Aidan O’Brien was not too downhearted after Dylan Thomas failed to produce a fairytale ending to a superb career in the Hong Kong Vase at Sha Tin.
The four-year-old could not add to his King George VI, Irish Stakes and Prix de l’Arc de Triomphe victories this season as he trailed in seventh, four and three quarter lengths behind the French-trained winner Doctor Dino in his final run.
After being held up towards the rear by jockey Johnny Murtagh, a stumble when hampered early in the straight ended his chances.
O’Brien paid tribute to the Danehill colt’s career and praised his resilience in still being able to run after missing out on the Japan Cup. He had been held up by veterinary red tape getting to Hong Kong having already experiencing an arduous and extremely competitive season.
“He’s probably the best horse we’ve ever had,” said the Irish trainer.
“What he’s done this year from a mile and a furlong to a mile and a half is amazing and there comes a time for every horse.
“You must remember what he’s done, and even for him to turn up today, very few horses would’ve even turned up.
“He got caught in quarantine in Japan for a long time and he looked a horse ready to go into training than go out of training being realistic and honest, he was way overweight.
“We couldn’t do anything about it, we put as much work into him as we could and the lads did a good job keeping him sound and right.
“We were delighted to be invited here. It’s important that he’s safe. It didn’t really matter the race we’ve had.”
Murtagh added: “We missed the start and he was back too far and there was no pace. We had a problem when the winner came out on us in the straight but he had no gas.”
Doctor Dino, ridden by Olivier Peslier, hit the front close to home to win by a length and a half from German gelding Quijano with fellow German challenger Bussoni third. Arch Rebel finished a highly-creditable fourth for Irish trainer Noel Meade.
Doctor Dino’s trainer Richard Gibson was delighted to follow up the five-year-old’s Man O’War Stakes triumph at Belmont Park.
“We wanted to come to Hong Kong to win,” he said.
“The pre-race concern was about pace and again Olivier rode him fantastically.
“We were worried about the pace and the horse performed very well. Olivier rode with a lot of patience and calm I thought.”
Peslier underlined it was a relaxed approach that paid dividends as he had full confidence in the horse’s ability despite being boxed in on the rails at one point.
“My trainer said just start well and stay in just behind the lead,” he said.
“On the back straight it was a little bit slow with all the horses coming on the outside and no chance to move.
“I was blocked in and I stayed on the rail and waited a little bit to see what would happen.
“My horse travelled well, he has a good turn of foot in general and I was not scared for the distance.
“He stayed on the mile and a half, the horse just galloped when he was on the straight with nobody in front of him.

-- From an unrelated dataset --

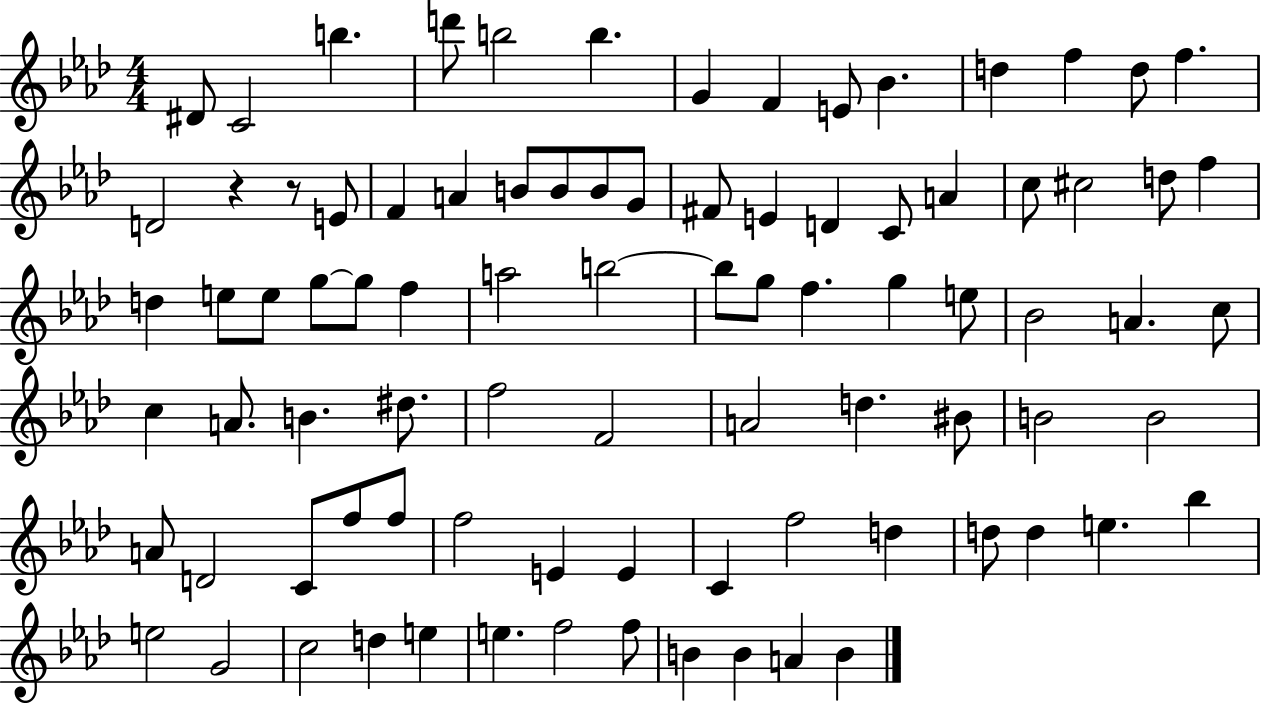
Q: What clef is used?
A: treble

He just kept going, he accelerated well and after that, I knew I’d won the race.
Gibson will now turn his attention to a possible appearance at the Dubai World Cup meeting.

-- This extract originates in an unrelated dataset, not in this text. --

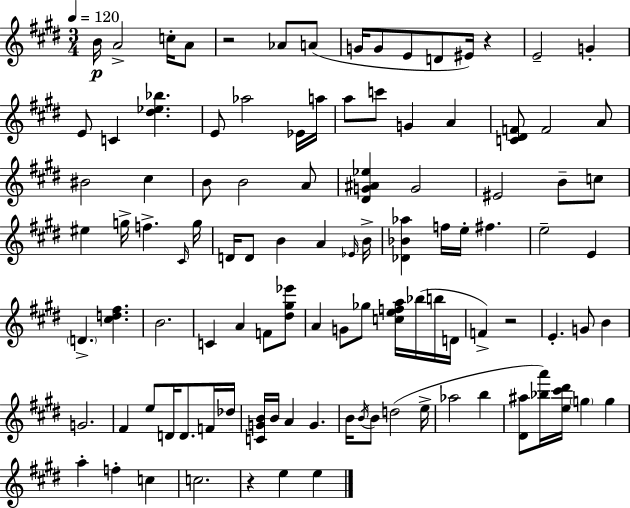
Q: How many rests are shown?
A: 4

“He’s had a long season, so we’ll get him home and give him a good rest,” he added.
“But obviously Dubai has to be a target.”

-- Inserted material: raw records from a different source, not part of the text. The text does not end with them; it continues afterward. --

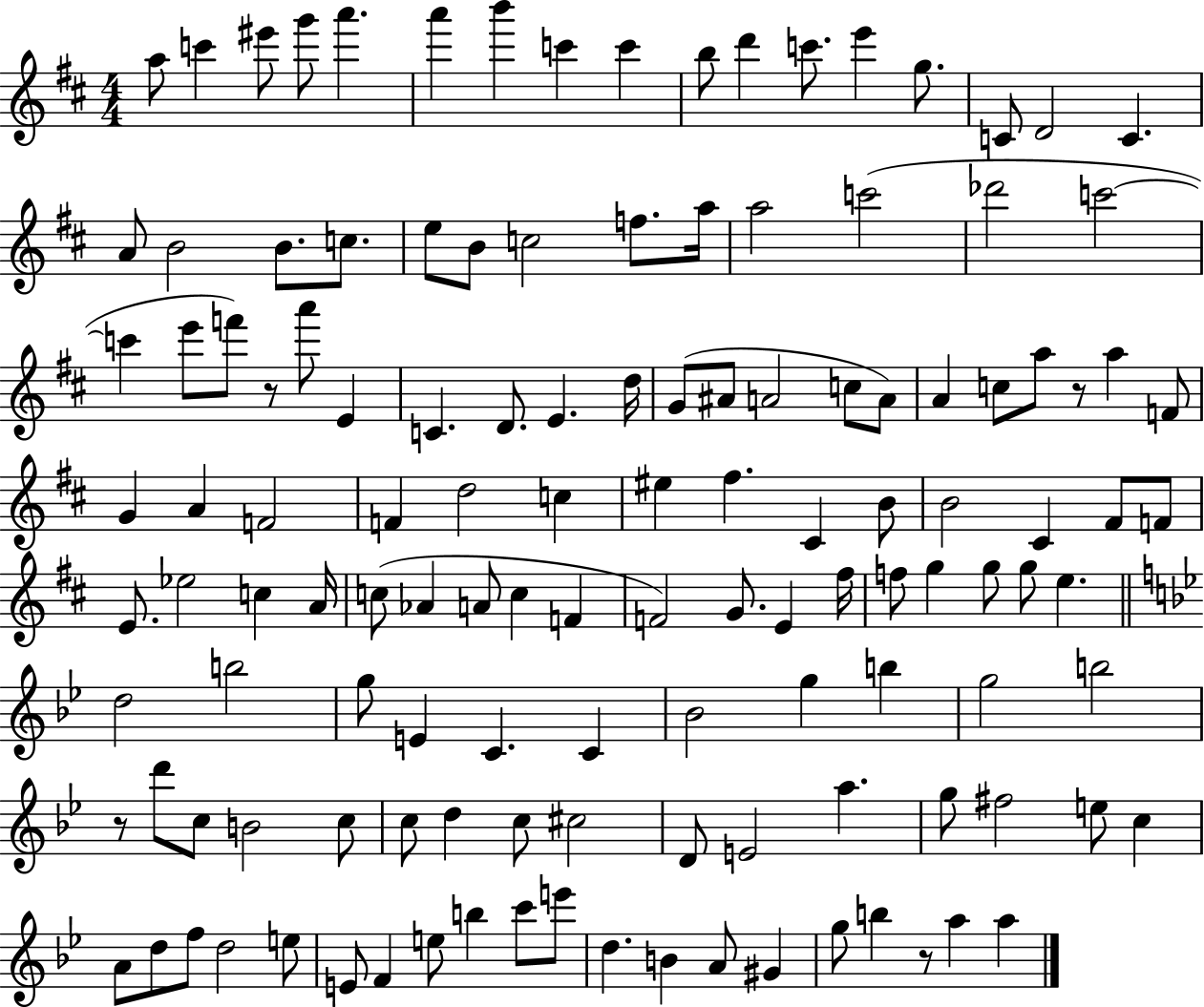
X:1
T:Untitled
M:4/4
L:1/4
K:D
a/2 c' ^e'/2 g'/2 a' a' b' c' c' b/2 d' c'/2 e' g/2 C/2 D2 C A/2 B2 B/2 c/2 e/2 B/2 c2 f/2 a/4 a2 c'2 _d'2 c'2 c' e'/2 f'/2 z/2 a'/2 E C D/2 E d/4 G/2 ^A/2 A2 c/2 A/2 A c/2 a/2 z/2 a F/2 G A F2 F d2 c ^e ^f ^C B/2 B2 ^C ^F/2 F/2 E/2 _e2 c A/4 c/2 _A A/2 c F F2 G/2 E ^f/4 f/2 g g/2 g/2 e d2 b2 g/2 E C C _B2 g b g2 b2 z/2 d'/2 c/2 B2 c/2 c/2 d c/2 ^c2 D/2 E2 a g/2 ^f2 e/2 c A/2 d/2 f/2 d2 e/2 E/2 F e/2 b c'/2 e'/2 d B A/2 ^G g/2 b z/2 a a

Quijano’s jockey Andrasch Starke felt he had the chance of victory taken away.
“I had a good position early but was then taken back,” he said.
“I was checked three times and if I could have got out then I think he could have won.”
Christophe Soumillon, in contrast, was delighted to claim third on Bussoni.
“He’s run a great race and I’ve no complaints. The best horse on the day won,” he said.